━━ RECORDS TO PROCESS

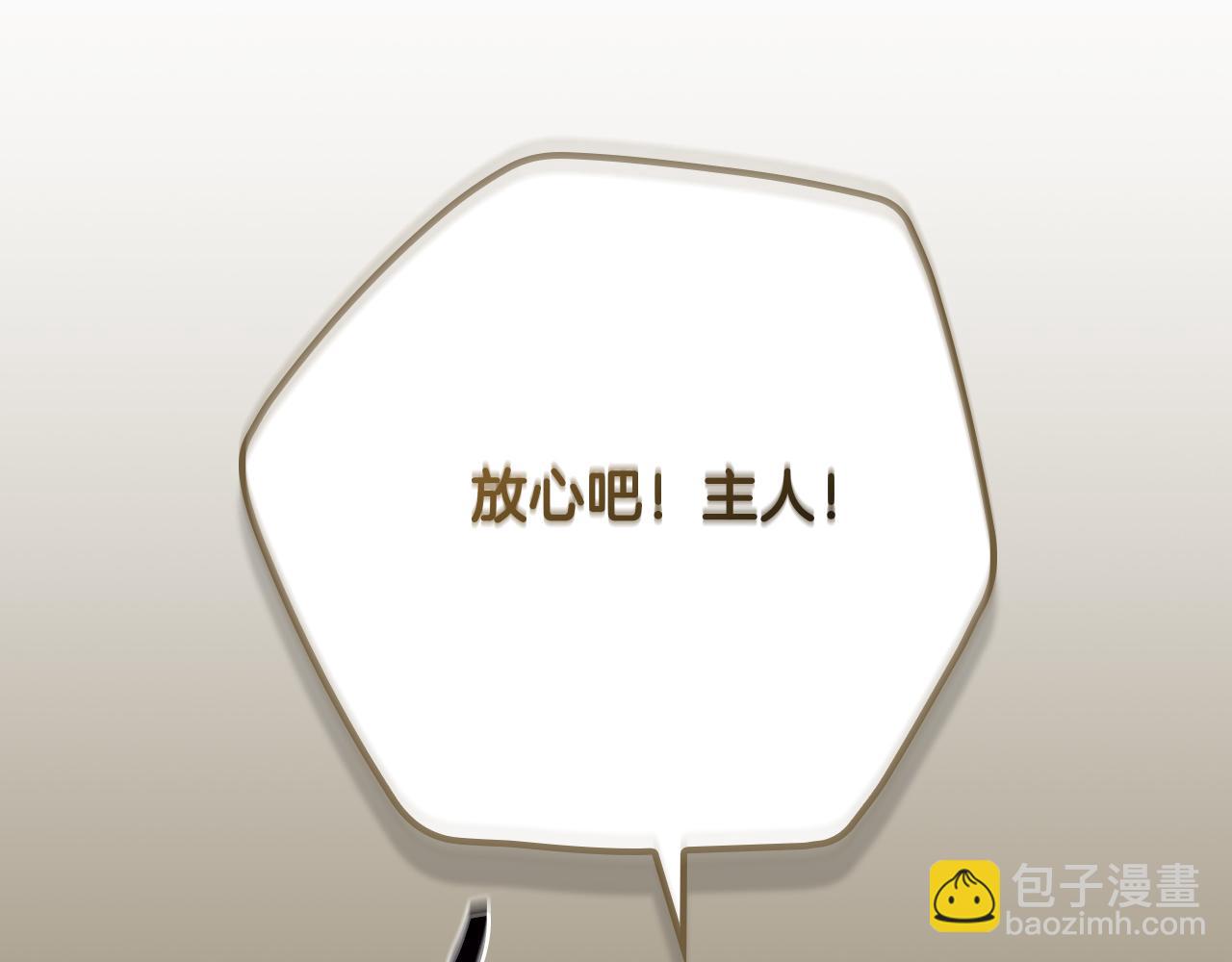 全民神戰：只有我能看到隱藏信息 - 第111話 雷霆風暴(1/7) - 6
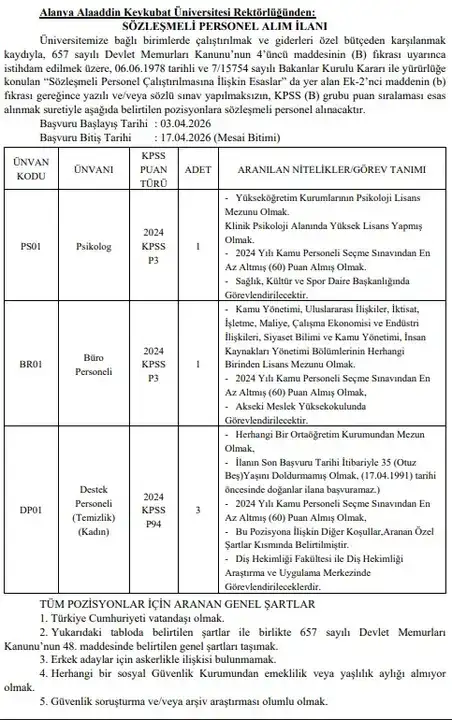 alanya-alaaddin-keykubat-universitesi-sozlesmeli-personel-ariyor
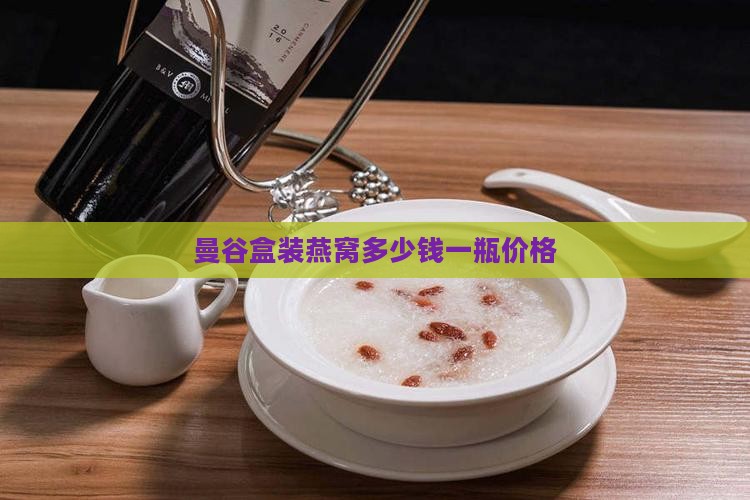 曼谷盒装燕窝多少钱一瓶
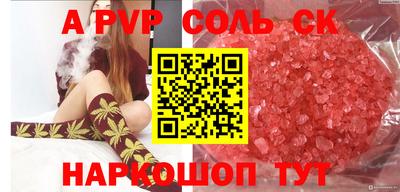 PSILOCYBIN Вышний Волочёк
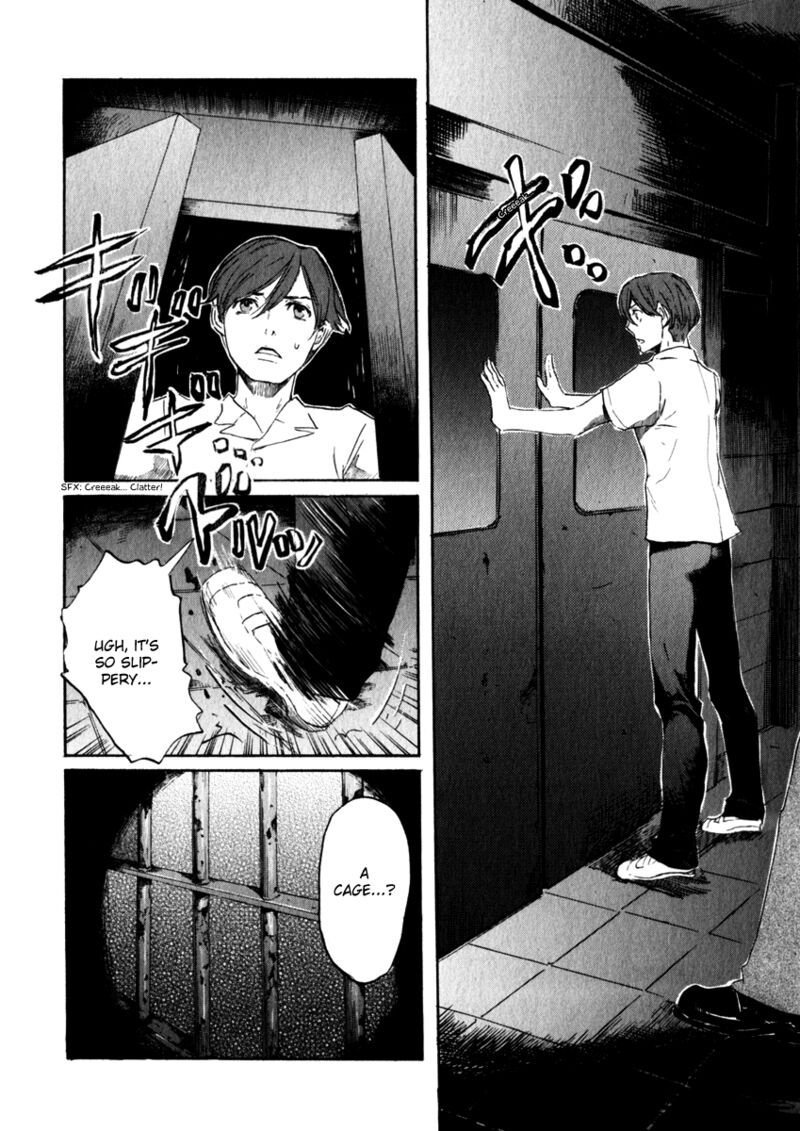 Shinigami Tantei To Yuurei Gakuen 18 11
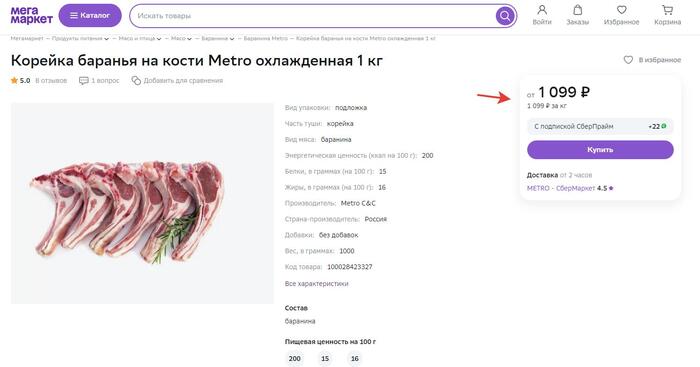      ,  , , , , ,  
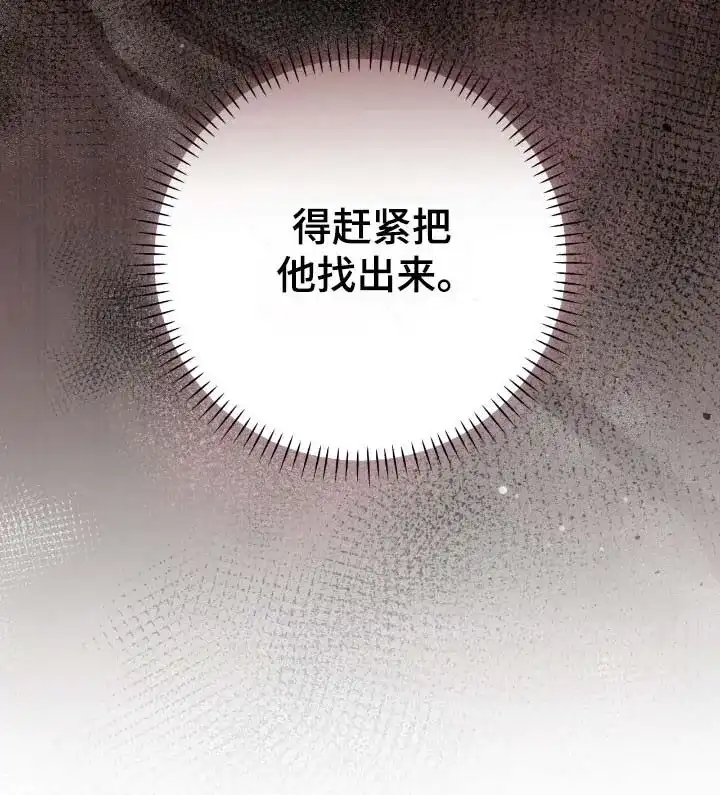 《捉鬼直播间》第71话 第38页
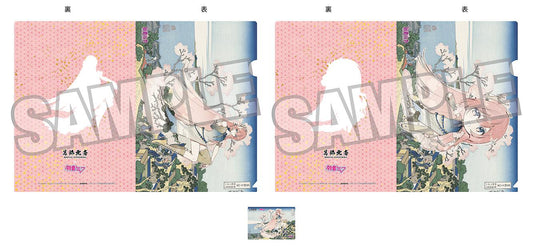 【Pre-order】Hokusai Katsushika x Hatsune Miku - Hatsune Miku, Megurine Luka A4 Clear File Set, Card (by Rella, 2 Clear Files + 1 Card, Mt. Fuji from Gotenyama Hill in Shinagawa on the Tokaido)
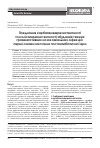 Научная статья на тему 'Поєднання карбапенемрезистентності та колістинрезистентності збудників тяжких грамнегативних нозокоміальних інфекцій: перші ознаки настання постантибіотичної ери'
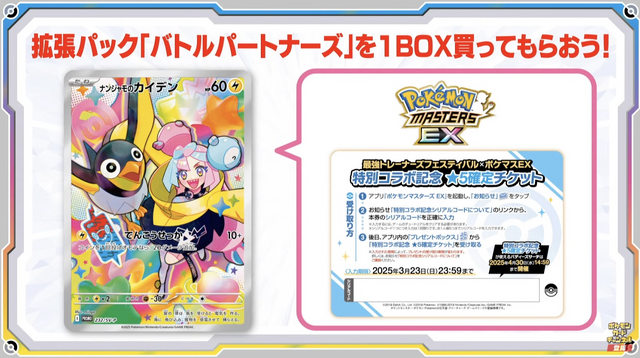 ポケカ』新拡張パック「バトルパートナーズ」ポケセンオンラインで予約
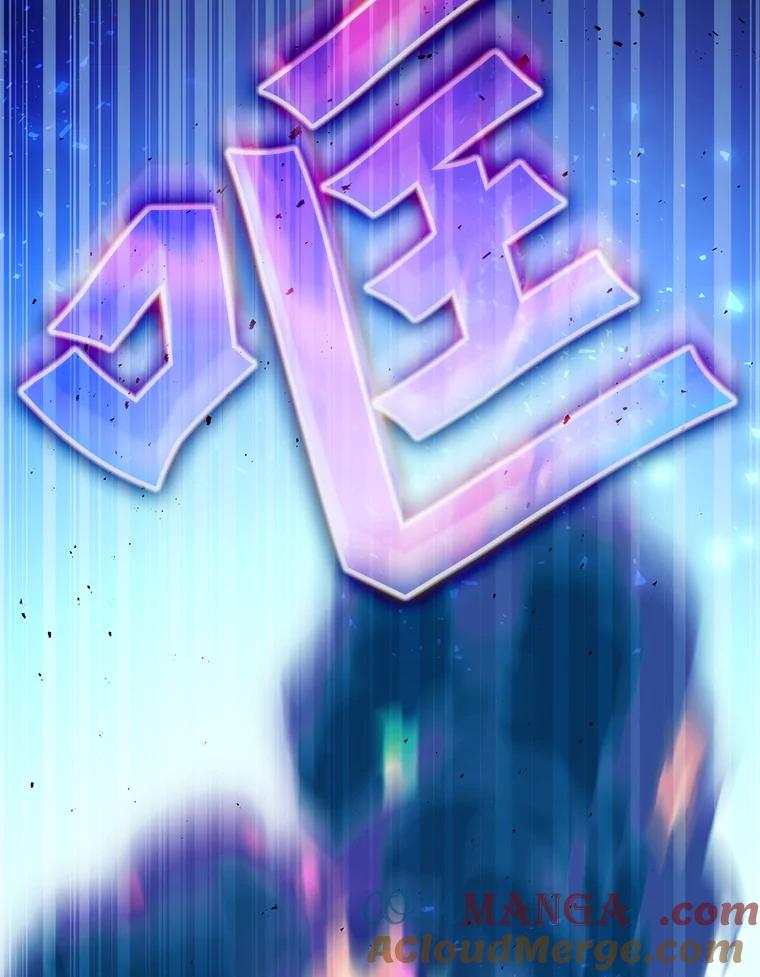 《游戏奇缘》8.正式开战 第165页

━━━━

§ PROBLEM STATEMENT
The lines above starting at the one that holds "曼谷盒装燕窝多少钱一瓶" and ending at the one that holds "on the Tokaido)" are to be written out exactly, ends included, and no pictures are to be copied.

§ PROBLEM SOLUTION
 曼谷盒装燕窝多少钱一瓶
 PSILOCYBIN Вышний Волочёк
 Shinigami Tantei To Yuurei Gakuen 18 11
      ,  , , , , ,  
 《捉鬼直播间》第71话 第38页
 【Pre-order】Hokusai Katsushika x Hatsune Miku - Hatsune Miku, Megurine Luka A4 Clear File Set, Card (by Rella, 2 Clear Files + 1 Card, Mt. Fuji from Gotenyama Hill in Shinagawa on the Tokaido)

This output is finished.